I knew when we met.
Not by the way you looked, but by how your energy vibrated intensely and melted tension I never knew I held. When you wrapped your strong arms around me, I was magnetically drawn into you, and it changed me in ways that words can’t describe.
For the first time in my life, I wasn’t scared to let love in. I didn’t feel anxious that you might disappear and never return my call. I wasn’t afraid that tomorrow you’d suddenly change your mind and decide not to choose me. I trusted, and you caught my fall.
I know I am going to love you, for real—and though forever is far in the distance, I hope to be feeling the way I do now for always.
You feel natural to me. The way you laugh, talk, walk…the way you reach out for my hand, just to feel me close to you. Your soul-staring eyes, your kindness, and the way you light up a room with your tales moves me.
You are fearless—you dive deep into my inner world and never flinch, despite what you see.
You mesmerise me—and I, you—both of us getting tangled in each other’s worlds. Beautifully tangled, though not in that spider’s web, sticky, trapped way. There is freedom here.
I hope you open up and let me love you the way you deserve to be loved. And, I don’t mean that surface, superficial love. I want to love you through to the parts that have been blamed, shamed, frightened, and hidden from view.
Will you let me hold you when your day has been rough, when your blood boils hot, and you’re holding your fury and frustration inside? Will you know that it’s okay to crumble and let me witness your pent-up emotions spiraling free?
Will you be brave enough to let a tear roll down your cheek when you feel fragile or when something has affected you deeply, even if it’s just a sad movie, your favourite team getting beaten, or seeing a dying bird on the street?
On those days, when your mind feels heavy, and tormenting thoughts are trying to destroy your peace—then I will tell you to lay your head on my lap, while I fend off those demons by loving you thoroughly, skin and bone.
I know we will hurt one another sometimes. We will ebb and flow, be strong and weak, and there may be days we just want to give in. That’s what love is. It’s the acceptance that things are not always going to be perfect. We are not just there for the good days, the ones where we’re high on life and everything falls into place.
Love is the dark and chaotic days too. The silly fights over who left the refrigerator door open through the night, or who leaves their shoes in the middle of the floor to be tripped over each and every day. It is all love. The big fights are love too, because they will be fought with compassion and care—even when words furiously tumble out at times, as they will quickly turn lighter and softer, and we will smile slowly, knowing the storm is on its way out.
We have both lost in the past. We’ve been hurt, betrayed, battered, and broken. We have a few scars, hidden and visible, and an open wound or two. But neither of us are victims. We’ve marched out warrior strong, courageously holding white flags, our heads reminding us at every step that “there will be no surrender,” as there are better things ahead.

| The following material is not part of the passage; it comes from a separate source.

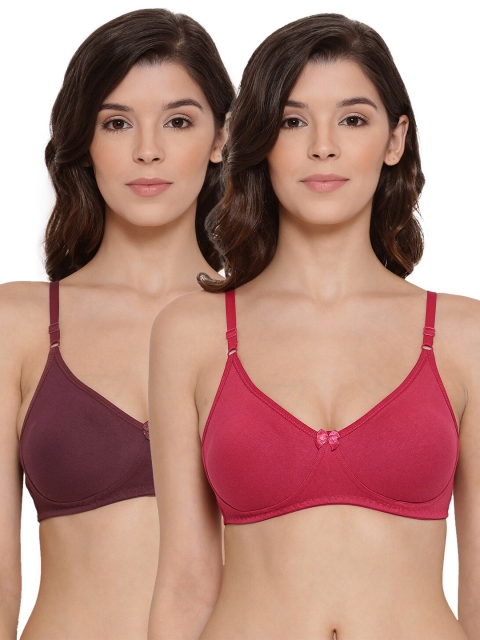 

LYRA Pack of 2 Brown & Red Cotton Lightly Padded Bra LYRA_BRA_511_WN_PRD_30B_2PC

Our hearts don’t know how to lie; they are made up of “too much” love that spills over, so we give, water, and nourish—we don’t know how to love any other way. And though, in the past, we’ve both given until we’ve almost burned out, we don’t have regrets—because we believe that even the hardest, most calloused souls need loving too.
This time is different, though. Finally, we’re learning that love feels divine and fulfilling when it’s given and received. We’re learning that it’s okay to make love and take love, though it feels strange and uncomfortable at times, but that’s only because it’s still new.
We are growing and stretching together as we challenge one another. Know that showing pure emotion is not for the weak; vulnerability is magnificent and powerful, and it is reserved for the brave.
It is a privilege to lie next to you at night—to hear you softly breathe, to feel your thumping heartbeat, to entwine limbs, and feel your warm and tender skin close to mine.
The only way I can explain this is that our hearts are lovers from a far-off past. Our souls recognised one another before our eyes had met. I have loved you since before, and I will love you again in future lives, so I never fear when you wander too far.
We may not have material wealth, but we’re richer than I ever dreamed. You’re a treasure chest, my love, filled with a little junk, some diamonds, and many precious pearls. And darling, mostly I’m just thankful that your heart beats in this world.
Whatever happens—whatever comes our way—I will be here, holding space, and loving you always.